REQUIRED ACTION: Please retype the data below exactly, stopping after the line with "Como combater eficazmente" and skipping every picture.

*** Opening of INFORMATION GIVEN ***

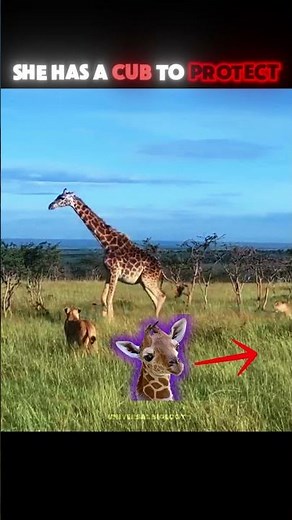 Mother Giraffe Fights ENTIRE Lion Pride Alone! 😱🦁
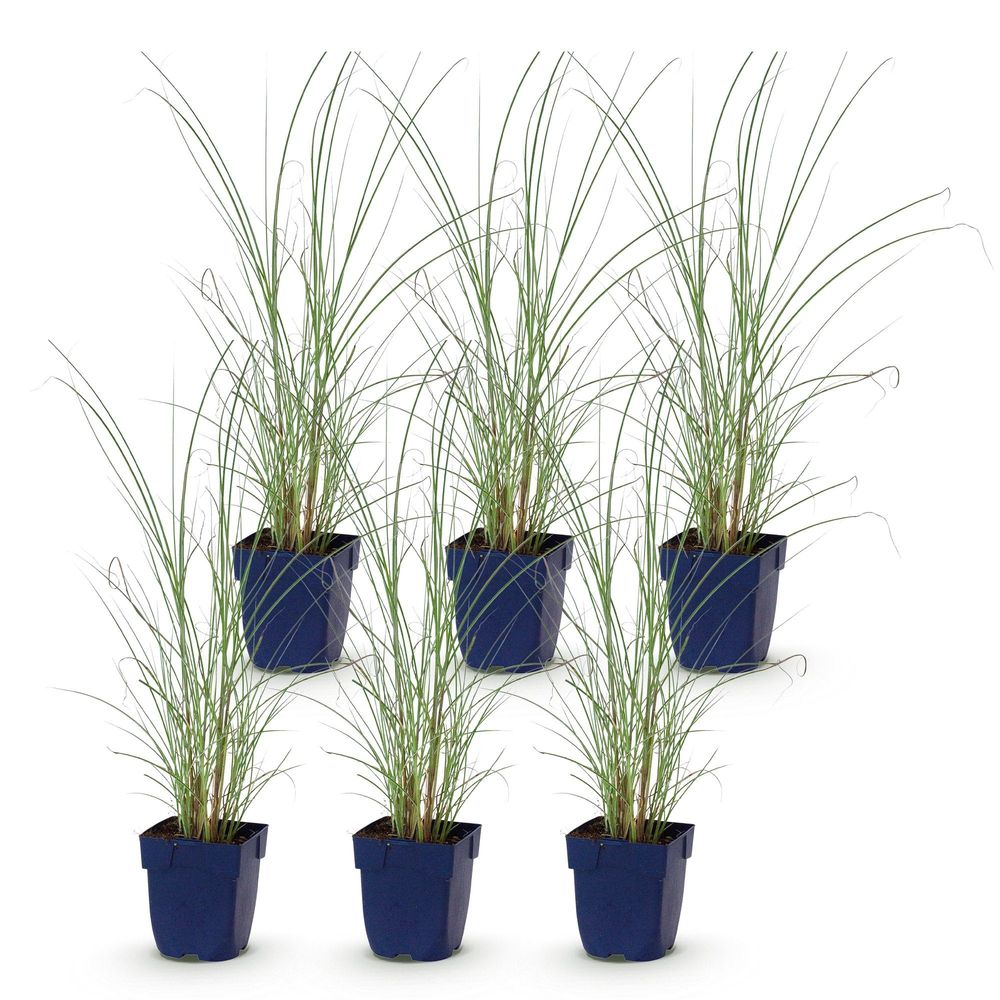 Roseau de chine 'morning light' - lot de 6 - pot 11 cm - hauteur 25 cm - plante d'extérieur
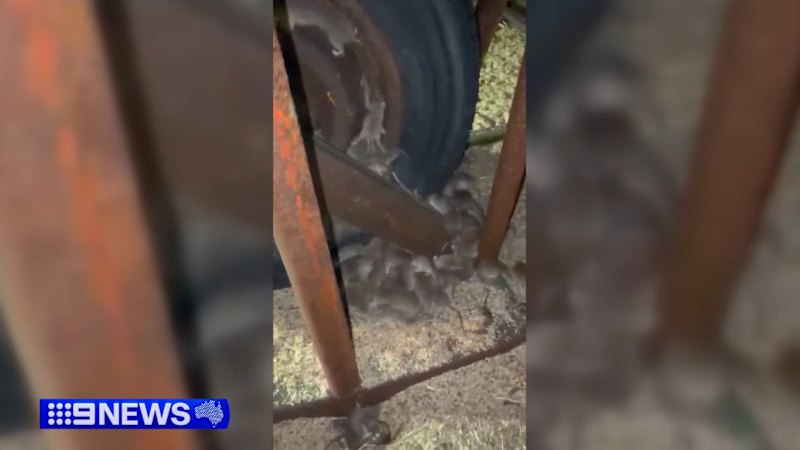 Mouse plague hits South Australia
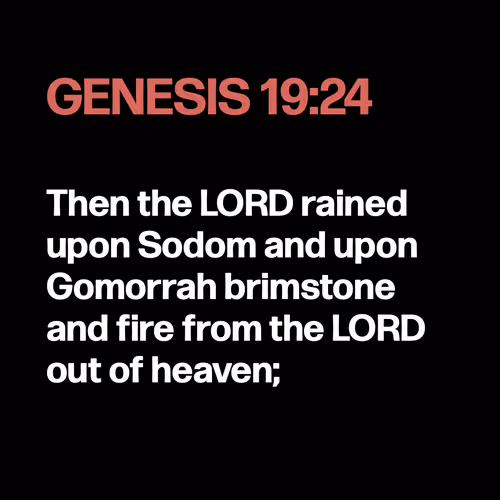 Item #22053356606985035317572807567829034573317121579682343289603633898100998799361 Media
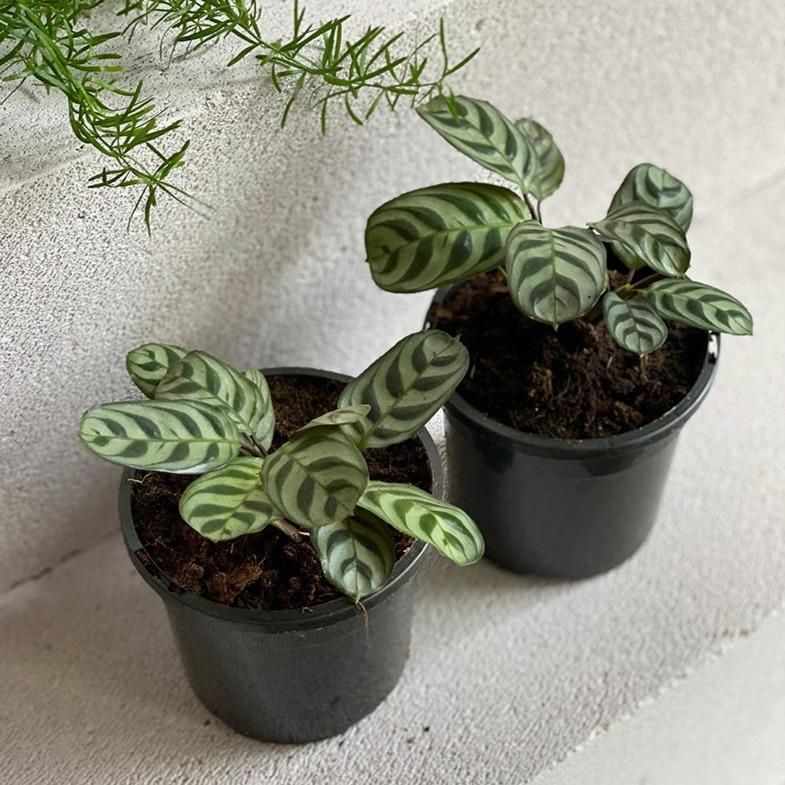 calathea fishbone prayer plant Fishbone Prayer Plant (Ctenanthe burle-marxii)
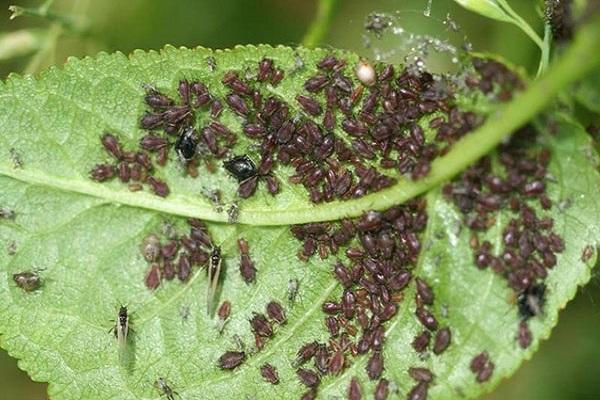 Como combater eficazmente os pulgões nas cerejas com medicamentos e remédios populares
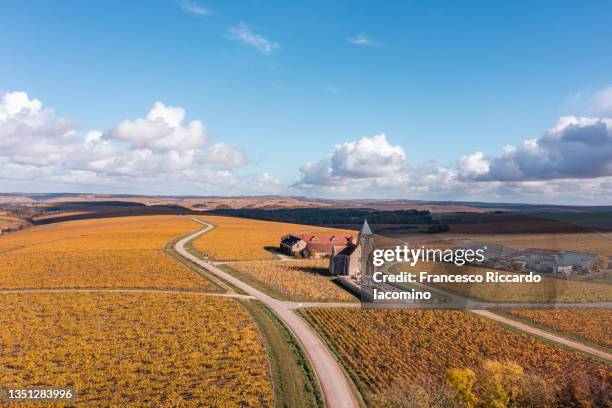 france, bourgogne, burgundy, cote d'or. church on the gran cru route near chably, prehy, vineyards from above in autumn - burgundy stockfoto's en -beelden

*** Close of INFORMATION GIVEN ***

SOLVED PROBLEM:
 Mother Giraffe Fights ENTIRE Lion Pride Alone! 😱🦁
 Roseau de chine 'morning light' - lot de 6 - pot 11 cm - hauteur 25 cm - plante d'extérieur
 Mouse plague hits South Australia
 Item #22053356606985035317572807567829034573317121579682343289603633898100998799361 Media
 calathea fishbone prayer plant Fishbone Prayer Plant (Ctenanthe burle-marxii)
 Como combater eficazmente os pulgões nas cerejas com medicamentos e remédios populares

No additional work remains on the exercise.